Chloride (CL)

CPT Code: 82435
Specimen: Serum or heparinized plasma
Volume: 1 mL
Minimum Volume: 0.5 mL
Container: Red-top tube, gel-barrier tube, or green-top (lithium heparin) tube
Methodology: Ion-selective electrode (ISE)
Collection: Serum is obtained by collecting blood in an untreated blood collection tube.  The sample should stand for 30 minutes to allow the clot to form prior to centrifugation.

Specimen tubes should be centrifuged unopened and the serum or plasma should be separated within one hour after venipuncture.

Sera or plasma separated from cells that are stored for several hours prior to analysis should be inspected for delayed fibrin clot formation.  If delayed clot formation is detected or suspected, the sample should be centrifuged before analysis.

Whole blood specimens cannot be analyzed.

Reference Range: 98-107 mmol/L

Stability: 

Temperatures Period
Room Temperature 1 week
Refrigerated (2-8 ⁰C)  1 week

 

Use: Chloride, an electrolyte, is involved in maintaining the normal amount of water and the acid-base balance in body fluids.  Chloride generally increases and decreases with plasma or serum sodium.
Clinical Significance:

Chloride is increased in dehydration, with ammonium chloride administration, with renal tubular acidosis (hyperchloremic metabolic acidosis) and with excessive infusion of normal saline. Differential diagnosis of acidemias and alkalemias. Chloride is higher in hyperparathyroidism than in some of the other causes of hypercalcemia, but a great deal of overlap exists.

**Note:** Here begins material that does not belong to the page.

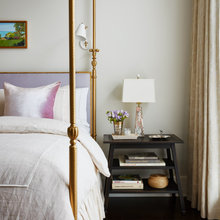 Bedrooms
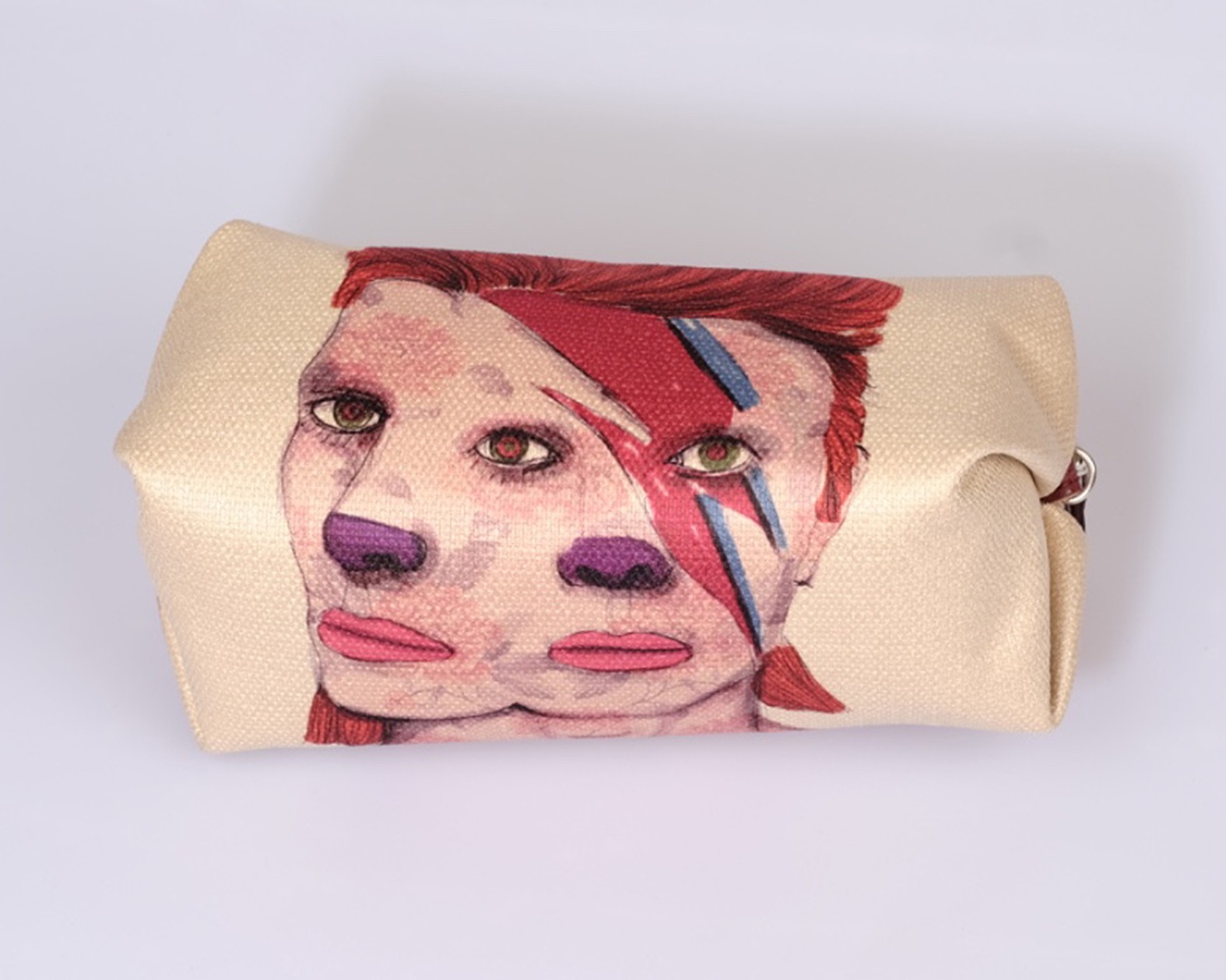 David Bowie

Chloride is decreased with overhydration, congestive failure, syndrome of inappropriate secretion of ADH, vomiting, gastric suction, chronic respiratory acidosis, Addison disease, salt-losing nephritis, burns, metabolic alkalosis, and in some instances of diuretic therapy.

Causes for Rejection:  

Improper labeling

Interfering Substances: Citrate at a test concentration of 52.9 mmol/L increases chloride by 57 mmol/L.